The smallpox blankets story has been in the Blogosphere for a few days, now it hits the Denver Post: CU prof’s writings doubted:
“If he is going to get fired, it is going to be for making up data, and that’s one thing you can’t get away with in the academic community,” said Thomas F. Brown, who holds a doctorate from Johns Hopkins and is an assistant professor of sociology at Lamar University in Beaumont, Texas.Brown is one of two professors at different universities who have published or have sought to publish detailed critiques of Churchill’s work. Others have questioned his work in interviews.
University of New Mexico law professor John LaVelle in 1996 published a seven-page essay in the journal American Indian Quarterly questioning the basis of Churchill’s theories and the underlying scholarship behind them.
[…]
Even in the occasionally bare-knuckled world of academic criticism, LaVelle’s 1996 essay on Churchill stands out. LaVelle, an enrolled member of the Santee Sioux Tribe, is particularly offended by Churchill’s view that the various tribes have, through the establishment of membership policies, contributed to Indian problems.

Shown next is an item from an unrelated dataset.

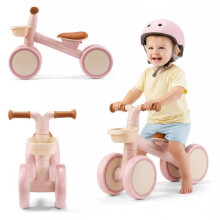 Draisienne 4 Räder Baby mit Korb TOBI MINI Rosa, Laufrad Kind 12–36 Monate, Ultra leicht 2 kg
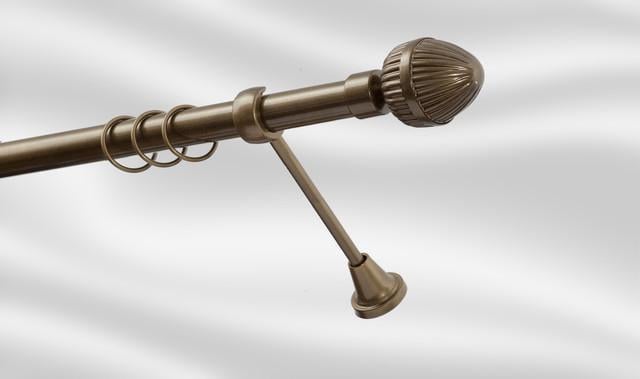 Карниз для штори Plastidea Одеон одинарний металевий з гачками D 25 мм 240 см Антик - фото 1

Interestingly, Churchill was originally in CU’s Department of Communicatins before transferring to the Ethnic Studies Department. (At least his MA was in Communications–although, again, this raises the question of why he was hired at a major university in the first place to a tenure track position without a terminal degree. It also raises the question of why they didn’t hire a Chair for the Ethnic Studies Department with a terminal degree in the first place).
Also: this isn’t the first time he has been in the spotlight. In 1992 he was arrested (and later acquitted) for disrupting a Columbus Day parade.